Image by David McBee

It will be interesting to closely watch how this plays out in the next year, especially as the world is vastly different compared to just over 10 years ago (during the last crisis, 07/08); the first Iphone had only just been released, Facebook, Twitter and others were in their early stages and Bitcoin, well, Bitcoin itself did not exist yet. We now have a wealth of blockchain startups (e.g. BABB, VeChain, Zilliqa, Crypto.com, etc) and even scaleups, large corporate giants exploring their own ways in which they might interact with this technology, be it in the form of developing their own DApps (with the rise of new programming languages like Solidity) or creating a private blockchain of their own.

Fintech was more or less born out of 2008’s ‘Great Recession’, a revolution to innovate, democratise and bring back integrity to the world of finance. Freetrade Team’s Viktor Nebehaj and Toby Steinberg reflect on this in ’10 years on, fintech hasn’t really delivered’. Part of that revolution are Freetrade, challenger banks (e.g. Monzo), money transfer companies (e.g. Transferwise) as well as equity crowdfunding platforms such as Crowdcube. The latter brings us to yet another industry segment that did not exist. Besides the above there are numerous examples of industries, sometimes entirely new ones, that were looking completely different 10 years ago or have giant niches that did not exist (think Uber, Airbnb, Deliveroo, etc. etc.)

How will all the startups that have popped up during the last 10 years weather the crisis, how will central banks react, what will governments’ contingency planning be, are just some of the questions that reverberate through my head. While smaller business are likely to be more agile when it comes to going into hibernation mode to ‘get through colder times’, it will inevitably lead to job losses as burn rates need to be reduced. Larger organisations will likely already have ‘restructered’ in the past months and others will continue to do so.

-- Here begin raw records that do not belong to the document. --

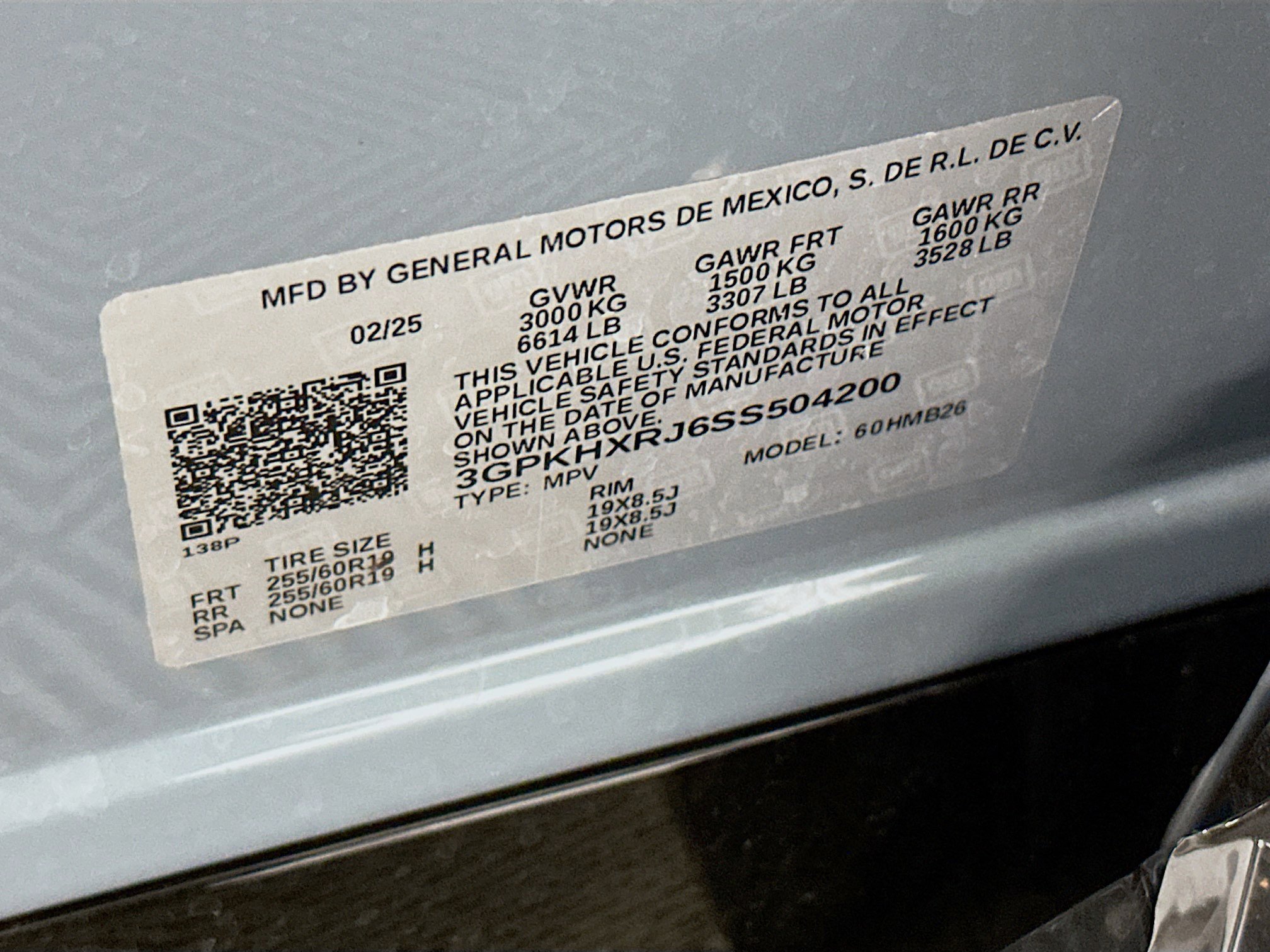 Used 2025 Honda Prologue Touring image 12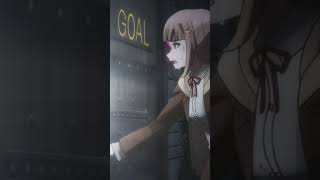 Chiaki Nanami edit Digital Hallucination animeedit danganronpa edit chiakinanami [upl. by Jodee]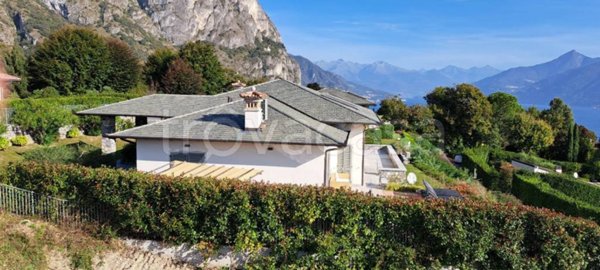 casa indipendente in vendita a Tremezzina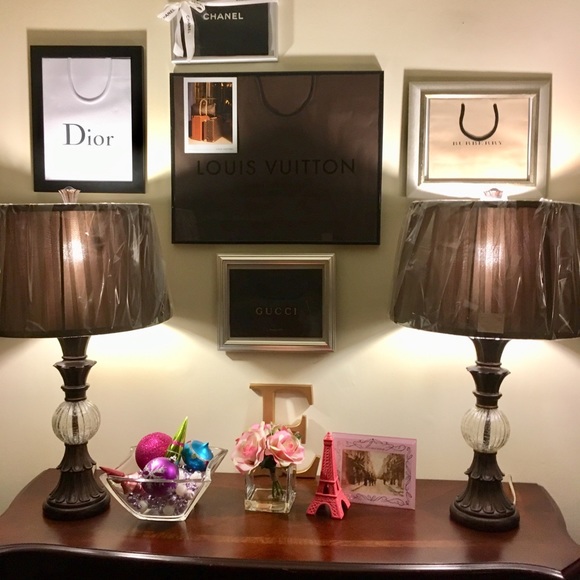 🌈Sharing my pillows 🌈DUST BAG COVERS➡️➡️➡️➡️➡️➡️ - Picture 4 of 6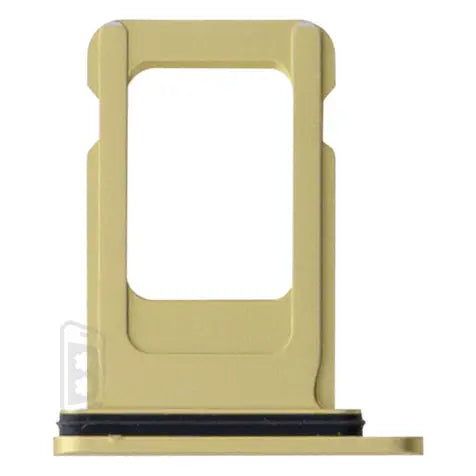 Single Sim Card Tray Compatible For iPhone 11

In addition, now, more than ever before, there are a pool of freelancers working in the ‘gig economy’ that are not necessarily protected from sudden income loss. What will happen if assignments become scarce.

Another complication comes in the form of the ‘Economic Generation Gap’, in short it means if young people have a job they are likely to be lower on the wage ladder than their parents were at their age in terms of purchasing power, besides being on an economic back-foot in general (think Millenials compared to Generation X). I say ‘if they have a job’ because another ‘product’ of the 2008 crisis is the continued high rates of youth unemployment in many countries.

Central banks might be forced to increase base rates to higher levels, yet will they be able to, as a large proportion of people might be worse of in terms of their abilities to pay of debt (be it secured or unsecured). Perhaps the next crisis will be a trigger for governments to get serious about overhauling their taxation systems, having giant corporates actually pay their fair share and perhaps explore a wealth tax instead of cracking up higher band income tax rates (as the latter might not generate a lot in terms of tax revenue).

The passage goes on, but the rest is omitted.